Information supplied section start
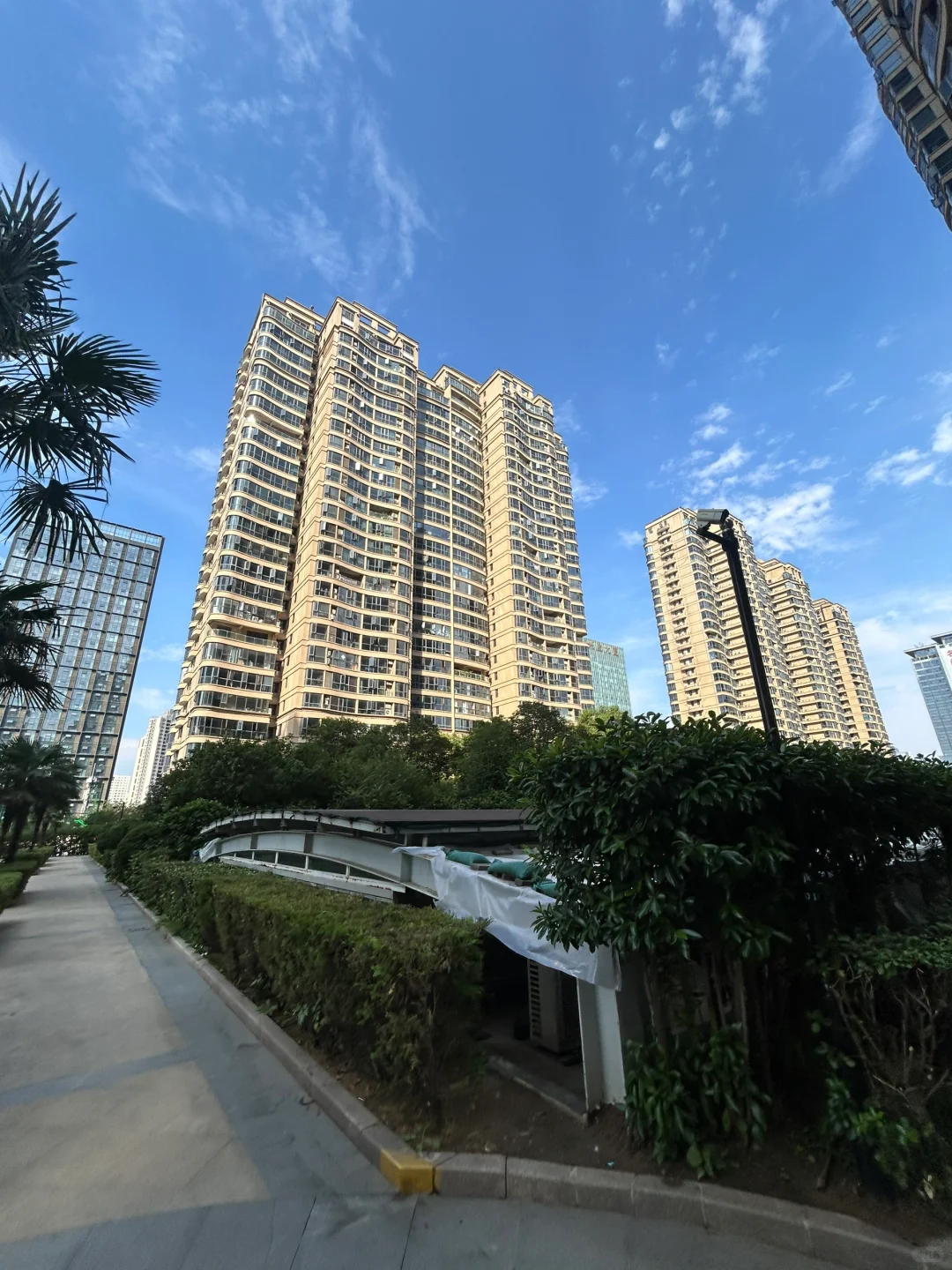 分享在“商圈”上面的“香”房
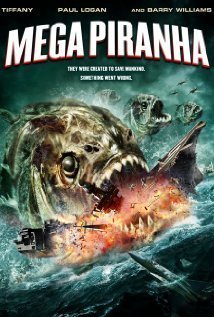 Mega Piranha (2010)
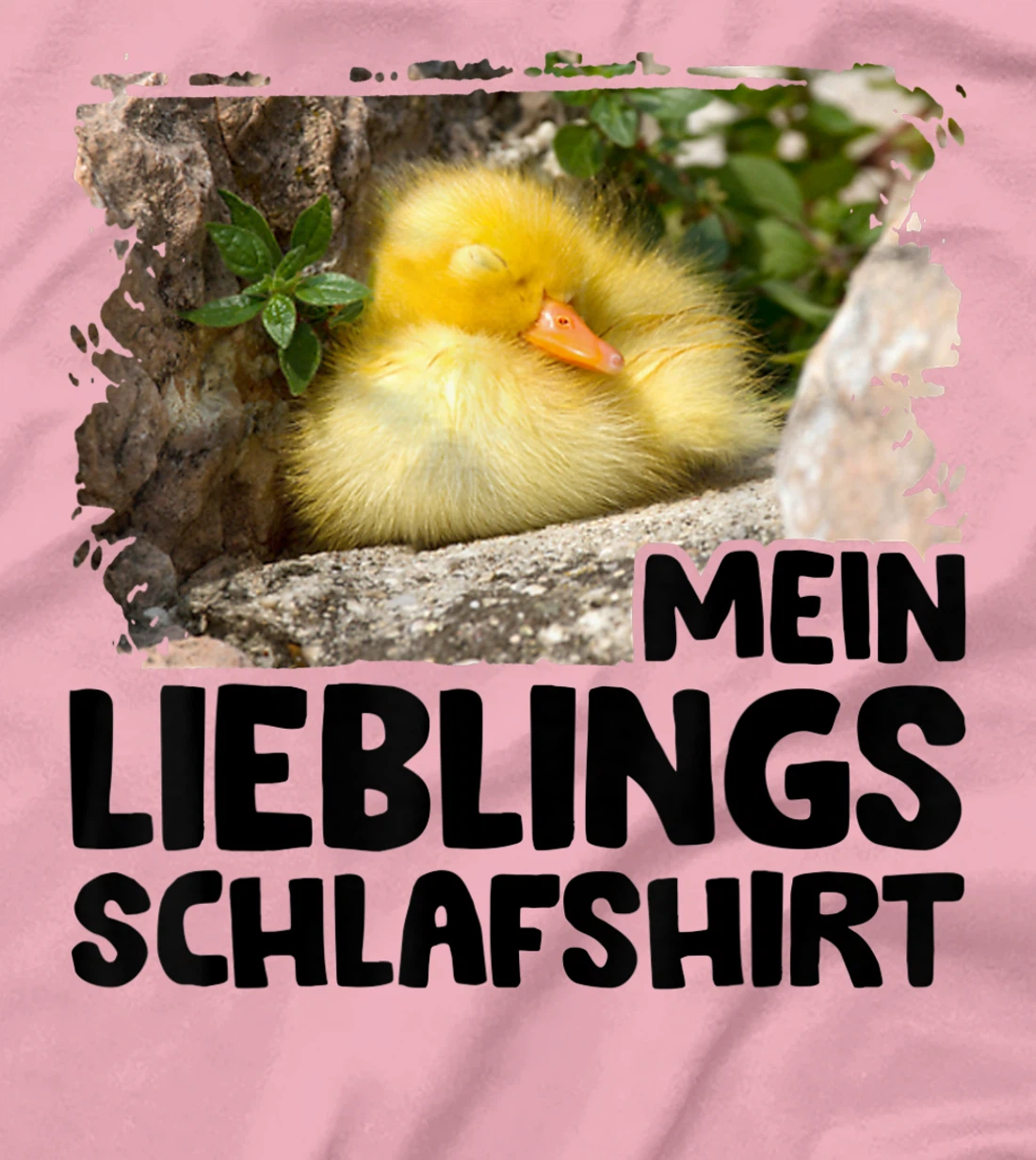 My favorite sleep shirt duckling chicks chicks T-Shirt, Women T-Shirt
Information supplied section end
The material should be duplicated word for word, with no images included.

 分享在“商圈”上面的“香”房
 Mega Piranha (2010)
 My favorite sleep shirt duckling chicks chicks T-Shirt, Women T-Shirt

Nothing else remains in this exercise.